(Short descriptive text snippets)
━━━
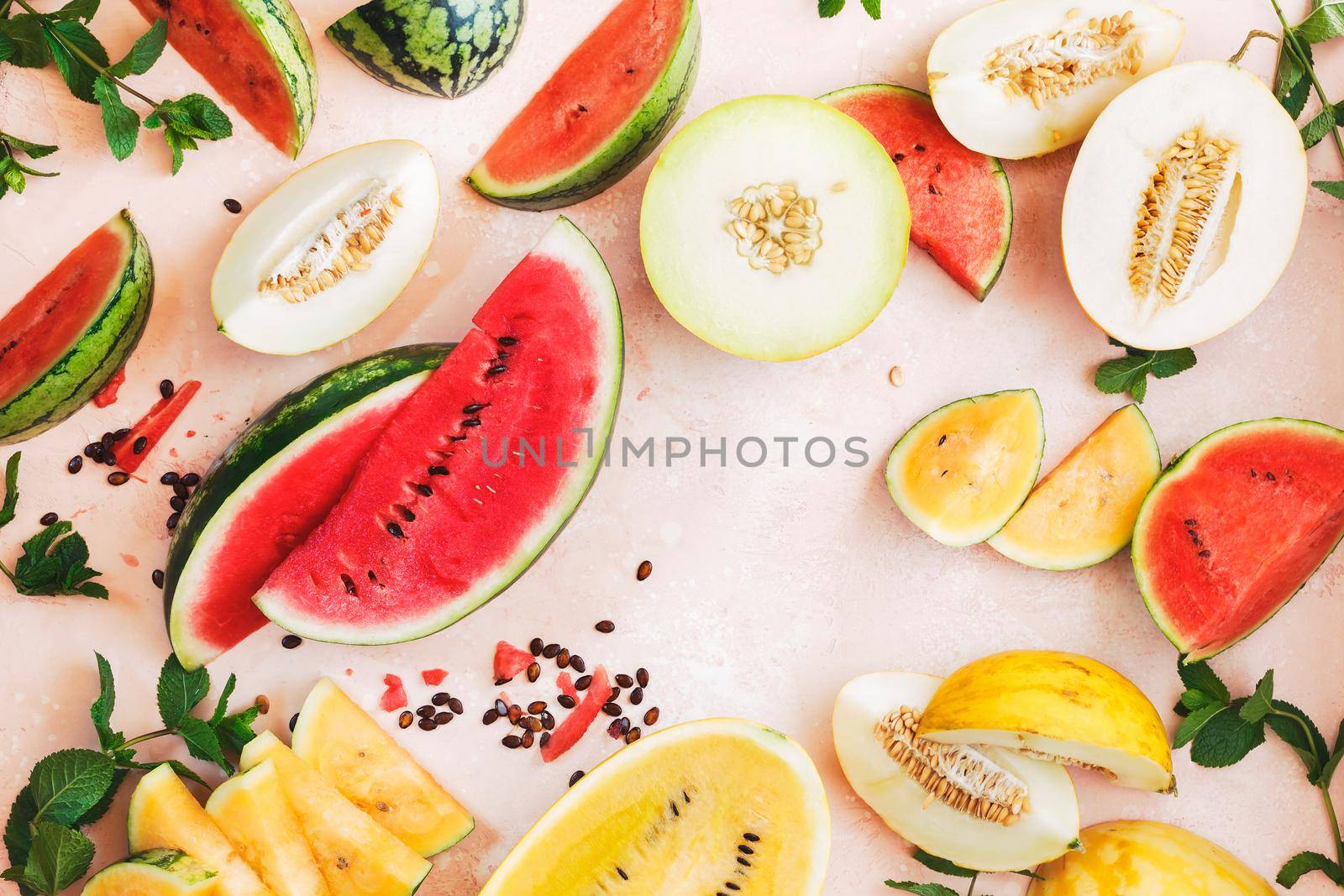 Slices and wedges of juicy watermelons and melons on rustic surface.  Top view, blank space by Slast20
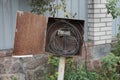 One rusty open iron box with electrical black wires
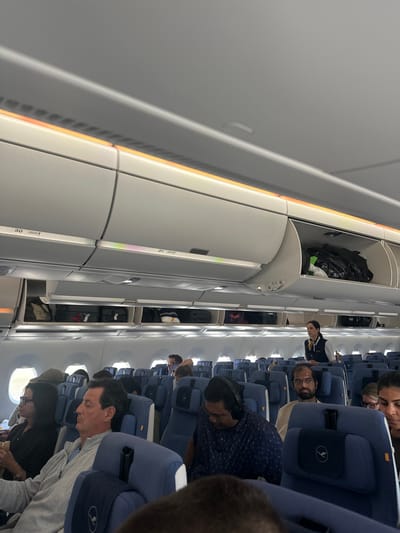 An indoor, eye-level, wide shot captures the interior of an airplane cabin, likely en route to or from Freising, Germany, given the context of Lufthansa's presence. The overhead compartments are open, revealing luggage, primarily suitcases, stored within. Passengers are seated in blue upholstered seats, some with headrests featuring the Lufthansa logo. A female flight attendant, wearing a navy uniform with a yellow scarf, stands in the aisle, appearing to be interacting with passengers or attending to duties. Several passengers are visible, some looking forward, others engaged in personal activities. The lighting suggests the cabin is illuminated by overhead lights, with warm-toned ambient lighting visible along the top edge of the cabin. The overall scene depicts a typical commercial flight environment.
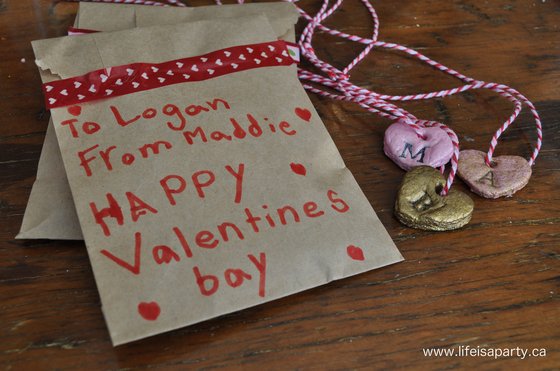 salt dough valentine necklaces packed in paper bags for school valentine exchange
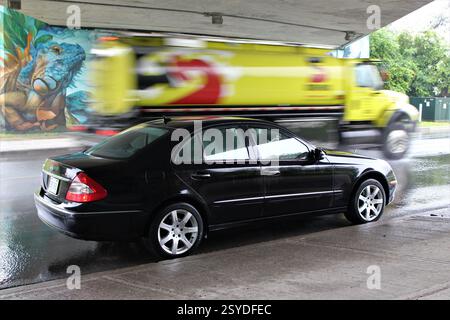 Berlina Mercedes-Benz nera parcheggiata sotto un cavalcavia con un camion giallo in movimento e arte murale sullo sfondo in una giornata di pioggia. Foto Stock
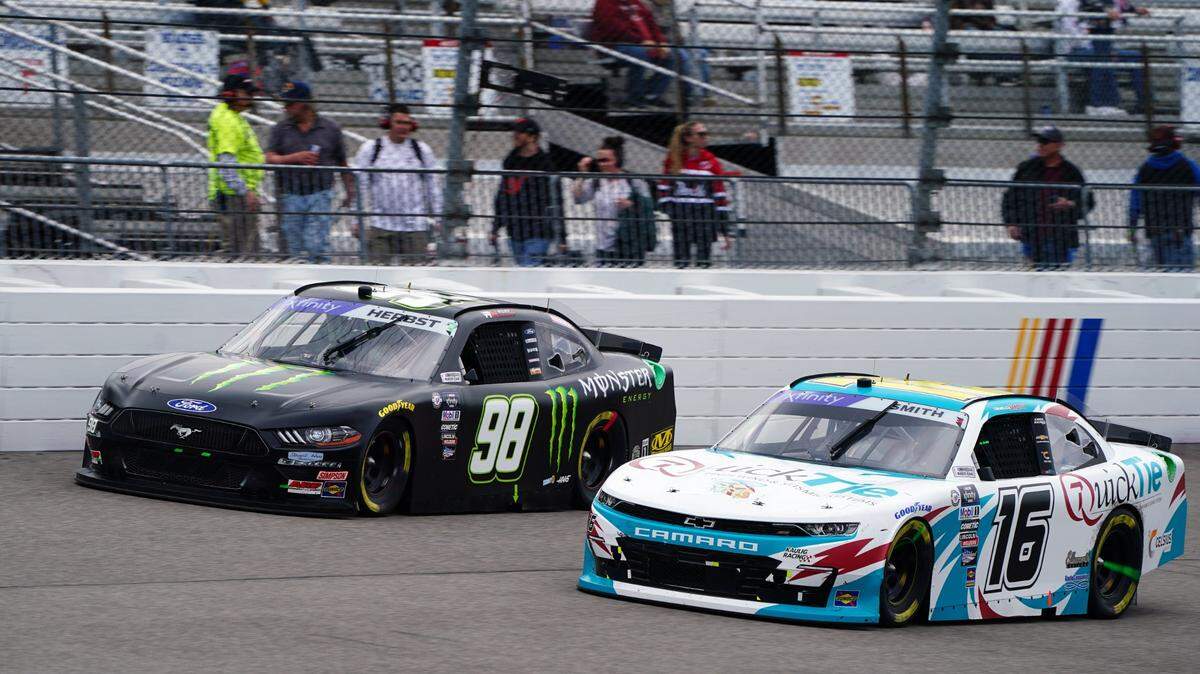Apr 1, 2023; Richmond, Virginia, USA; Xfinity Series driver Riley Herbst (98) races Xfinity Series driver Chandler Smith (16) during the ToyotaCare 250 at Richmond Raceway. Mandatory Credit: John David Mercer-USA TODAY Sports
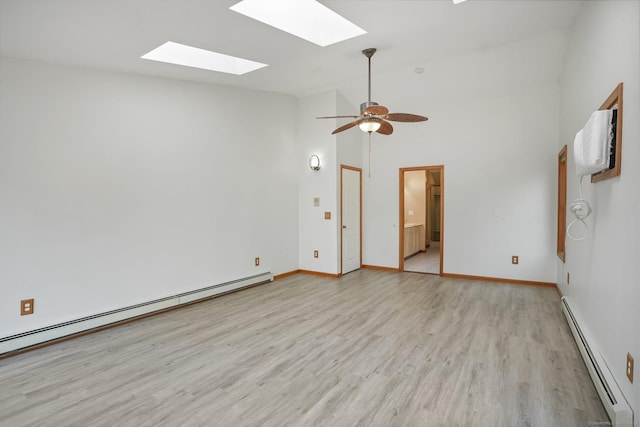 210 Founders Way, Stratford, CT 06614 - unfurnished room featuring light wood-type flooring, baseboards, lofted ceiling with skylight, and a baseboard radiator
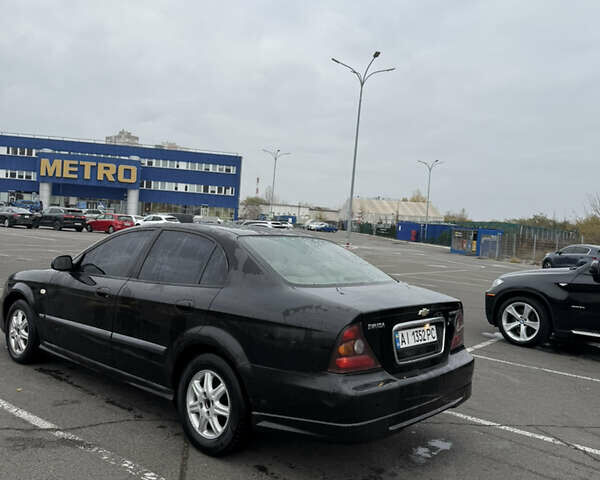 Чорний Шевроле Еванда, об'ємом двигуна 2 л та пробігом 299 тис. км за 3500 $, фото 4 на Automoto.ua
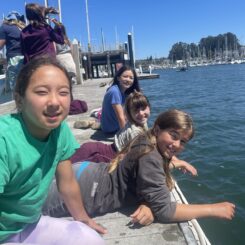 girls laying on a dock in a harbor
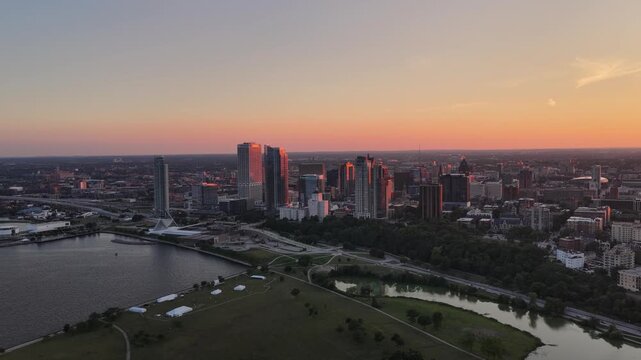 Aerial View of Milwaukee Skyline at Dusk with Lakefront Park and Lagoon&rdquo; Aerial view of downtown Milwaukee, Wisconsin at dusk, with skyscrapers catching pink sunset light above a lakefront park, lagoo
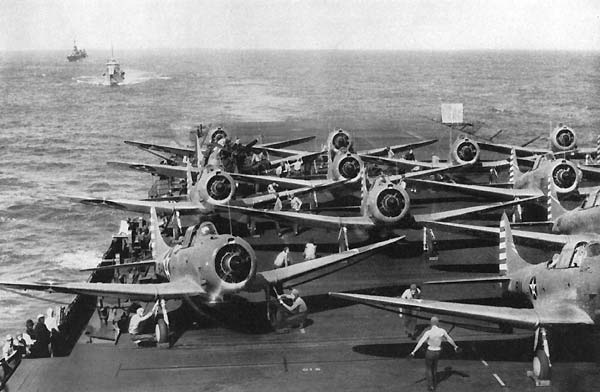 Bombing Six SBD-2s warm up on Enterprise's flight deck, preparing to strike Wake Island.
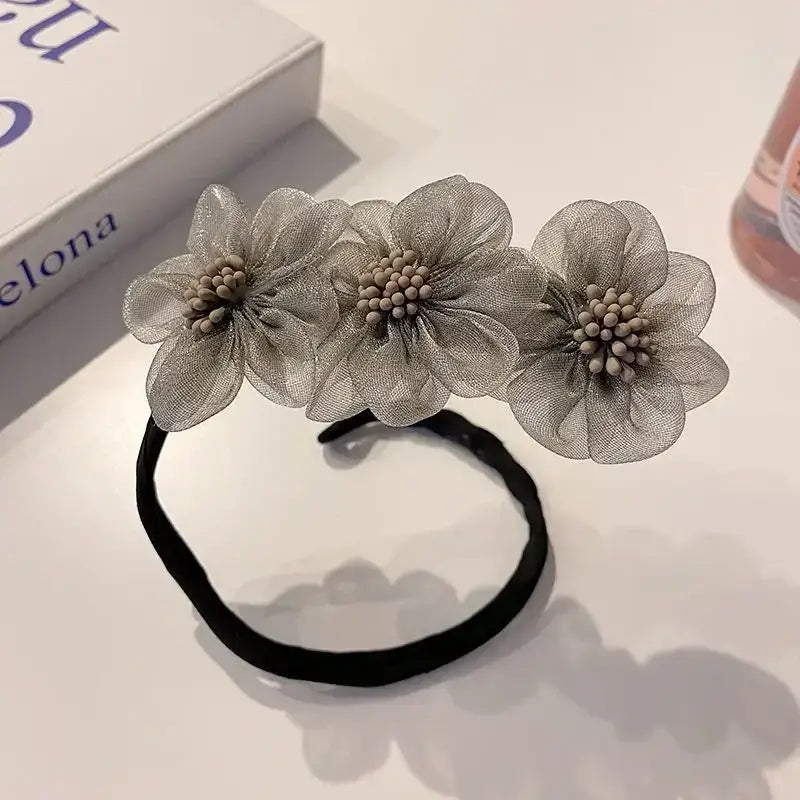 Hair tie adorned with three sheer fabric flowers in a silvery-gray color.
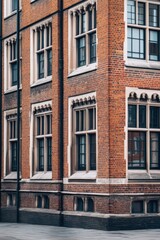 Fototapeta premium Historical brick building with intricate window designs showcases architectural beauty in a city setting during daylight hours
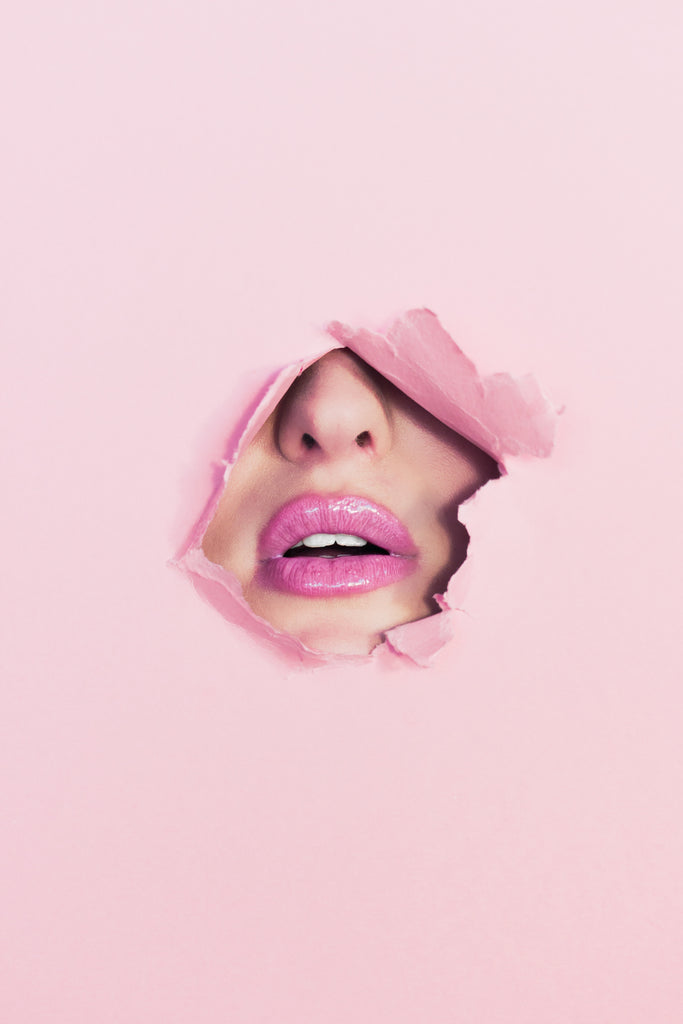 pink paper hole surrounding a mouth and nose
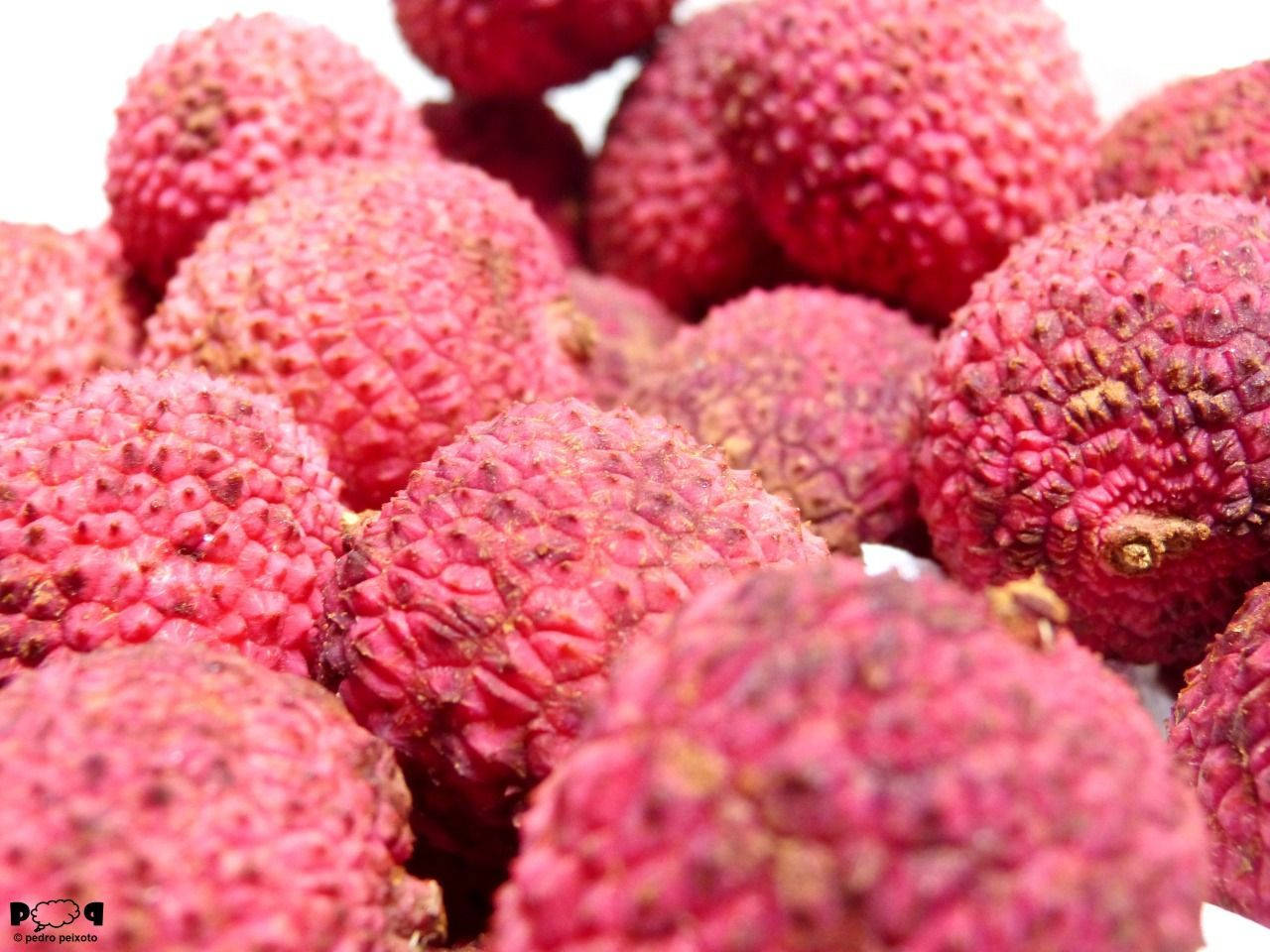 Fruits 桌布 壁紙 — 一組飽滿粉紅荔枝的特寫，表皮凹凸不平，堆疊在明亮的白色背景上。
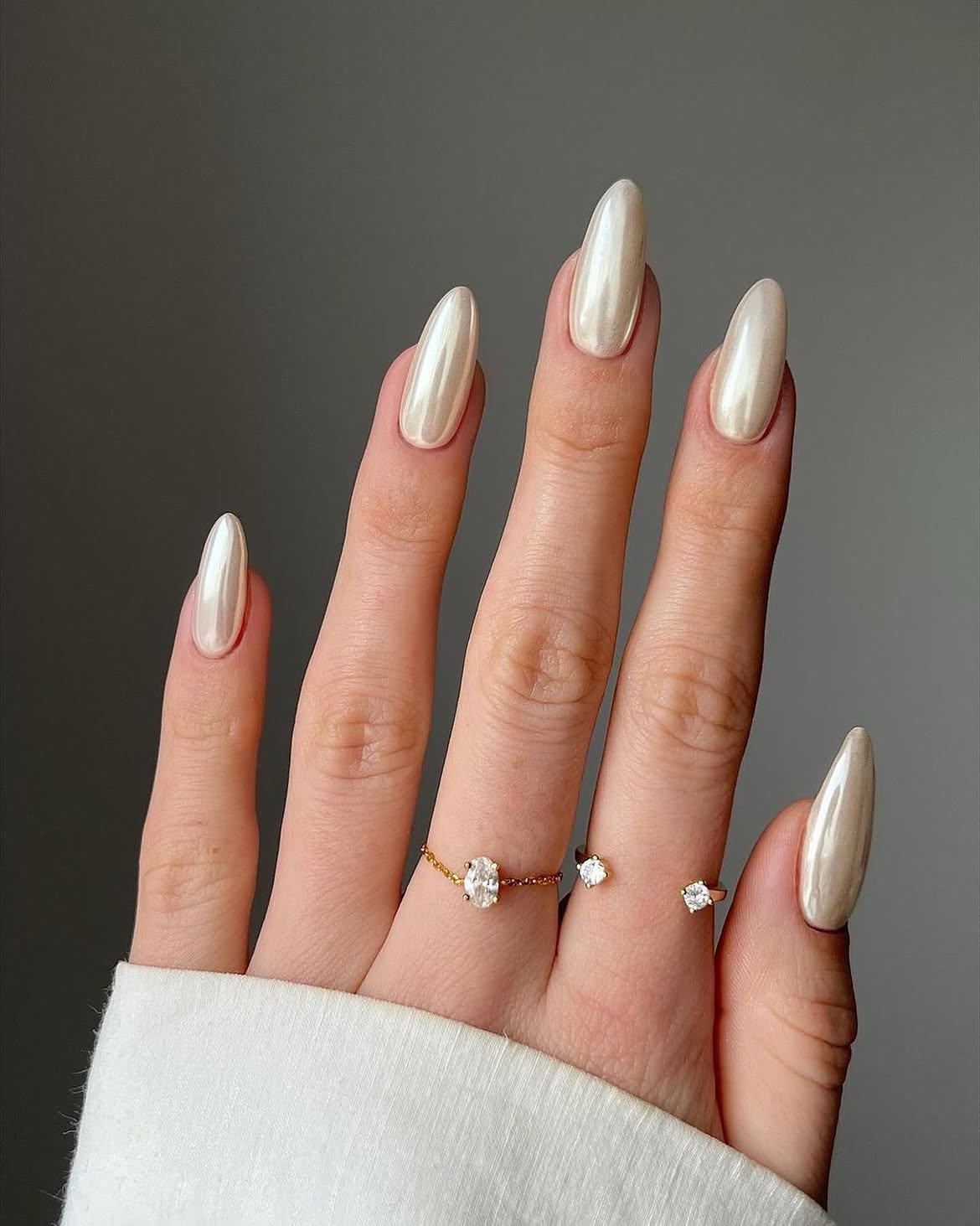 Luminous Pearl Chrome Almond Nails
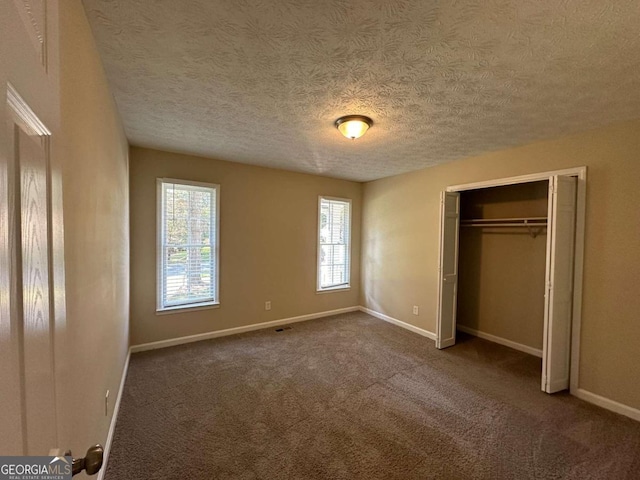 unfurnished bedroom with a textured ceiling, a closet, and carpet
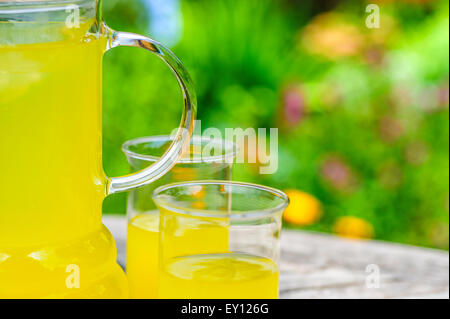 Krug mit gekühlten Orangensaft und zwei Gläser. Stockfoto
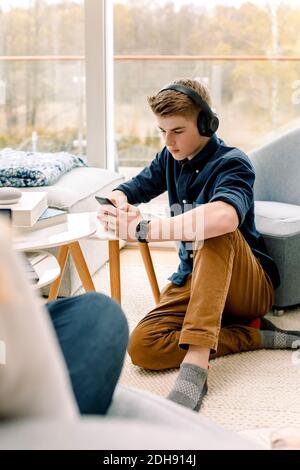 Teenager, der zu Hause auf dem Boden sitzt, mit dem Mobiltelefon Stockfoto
━━━
# Task details
Give the lines again word for word, from the start of the records to the line holding "Bombing Six SBD-2s", both included, and leave out any picture.

# Finished task
 Slices and wedges of juicy watermelons and melons on rustic surface.  Top view, blank space by Slast20
 One rusty open iron box with electrical black wires
 An indoor, eye-level, wide shot captures the interior of an airplane cabin, likely en route to or from Freising, Germany, given the context of Lufthansa's presence. The overhead compartments are open, revealing luggage, primarily suitcases, stored within. Passengers are seated in blue upholstered seats, some with headrests featuring the Lufthansa logo. A female flight attendant, wearing a navy uniform with a yellow scarf, stands in the aisle, appearing to be interacting with passengers or attending to duties. Several passengers are visible, some looking forward, others engaged in personal activities. The lighting suggests the cabin is illuminated by overhead lights, with warm-toned ambient lighting visible along the top edge of the cabin. The overall scene depicts a typical commercial flight environment.
 salt dough valentine necklaces packed in paper bags for school valentine exchange
 Berlina Mercedes-Benz nera parcheggiata sotto un cavalcavia con un camion giallo in movimento e arte murale sullo sfondo in una giornata di pioggia. Foto Stock
Apr 1, 2023; Richmond, Virginia, USA; Xfinity Series driver Riley Herbst (98) races Xfinity Series driver Chandler Smith (16) during the ToyotaCare 250 at Richmond Raceway. Mandatory Credit: John David Mercer-USA TODAY Sports
 210 Founders Way, Stratford, CT 06614 - unfurnished room featuring light wood-type flooring, baseboards, lofted ceiling with skylight, and a baseboard radiator
 Чорний Шевроле Еванда, об'ємом двигуна 2 л та пробігом 299 тис. км за 3500 $, фото 4 на Automoto.ua
 girls laying on a dock in a harbor
 Aerial View of Milwaukee Skyline at Dusk with Lakefront Park and Lagoon&rdquo; Aerial view of downtown Milwaukee, Wisconsin at dusk, with skyscrapers catching pink sunset light above a lakefront park, lagoo
 Bombing Six SBD-2s warm up on Enterprise's flight deck, preparing to strike Wake Island.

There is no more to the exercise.